Men and Women in uniform aren’t the only ones who put their lives on the line on as police officers. With their heightened senses, speed and agility, K9s can search for weapons, drugs or suspects faster than their human partners.
Sig, a five-year-old German Shepherd looks like a dog. He plays like a dog. And after swimming with his family in the pool, he’ll sure smell like a dog. But Sig lives a double life.
Sig is a working dog; one of nine in the Sacramento Police Department K9 unit.
“He never calls in sick, he loves coming to work. He gets very excited to come into work every day, he doesn’t complain,” said Sgt. Steve Oliveira, Sig’s handler and supervisor of the K9 unit.
Their day starts off like any other worker’s, with a stop at the office. And just like any other office, co-workers bring in treats… dog treats. There are staff meetings, which the dogs like to consider nap time. But things pick up when Sgt. Oliveira and Sig hit the streets.
“Our typical calls are crimes in progress type of calls, like violent crimes, burglaries,” said Sgt. Oliveira, “Sometimes just by making our announcements and our warnings that our K9’s going to be used, the smart ones tend to give up and they’ll come out.”
And if the bad guys try to run, the officers call on their dogs to run them down. Sig and the rest of his four-legged co-workers hone their skills in weekly training sessions. They work on obedience, agility and apprehension with the help of “agitators” who act as bad guys and wear padded sleeves.
Police K9s are considered “force multipliers.” Their speed, agility and heightened senses allow them to do the work of a team of officers in half the time.
“They think they can hide from the dog,” Sgt. Oliveira, referring to suspects, “If they’re there and they’re locked down, the K9 will find them.”
But do the officers ever worry for their K9 partners? Sgt. Oliveira says yes, “We do. We never want to send our dogs into a situation where they’re gonna get hurt. But we also realize we have job to do and our job is to protect officers and the community. But if it comes down to a point where we’re going to send officers into a place to search a building or a yard for a dangerous suspect, we’d rather the dog go. At the same time, if we know there’s an armed suspect inside and he’s got a gun and threatening to shoot it out with us, we’re not going to send our dog into a situation like that.”
Police K9s are not only good at capturing criminals, Sgt. Oliveira says they’ve proved to be life-savers.
“We’ve had two police dogs shot recently, in the past couple years and had it not been for those police dogs, I guarantee you it would have been an officer that was shot,” said Sgt. Oliveira.
But as fierce as they look, police K9s have a soft side as well.
“When it’s time to work they know,” said Sgt. Oliveira, “It’s like having a light switch. It’s like they realize, ‘Ok, it’s time to go to work.’ But they also know when they’re just there to be a dog.”
Since they’re often brought to public demonstrations, the dogs have to be social. The dogs and their handlers are together 24-7, and it’s clear, they have a special bond.

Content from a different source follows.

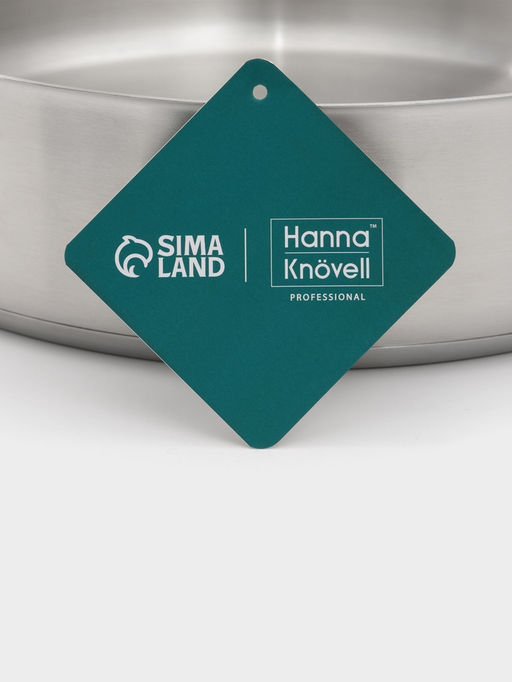 Сковорода - сотейник Hanna Knövell, 4.4 л, d=28 см, h=7.5 см, толщина стенки 0.6 мм, индукция, нержавеющая сталь, серебристая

“We just know what each other’s thinking. And he can tell, sometimes, just by looking at me what my mood is and we really get to know each other and how each other works,” said Sgt. Oliveira.

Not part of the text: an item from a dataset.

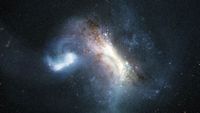 A bunch of white, blue and brownish swirls against a dot-speckled section of space.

At the end of the day, there’s one call Sgt. Oliveira and Sig always respond to; the call to come home.
“They’re just an invaluable resource for us,” said Sgt. Oliveira, “It allows our officers to come home every day safe to our families.”
K9s retire around ten-years-old. The Sacramento Police Department then allows their handlers to buy them for a dollar.
Sgt. Oliveira says you can come up and pet K9s if the officers aren’t actively working a crime scene, but you should always ask the handler first.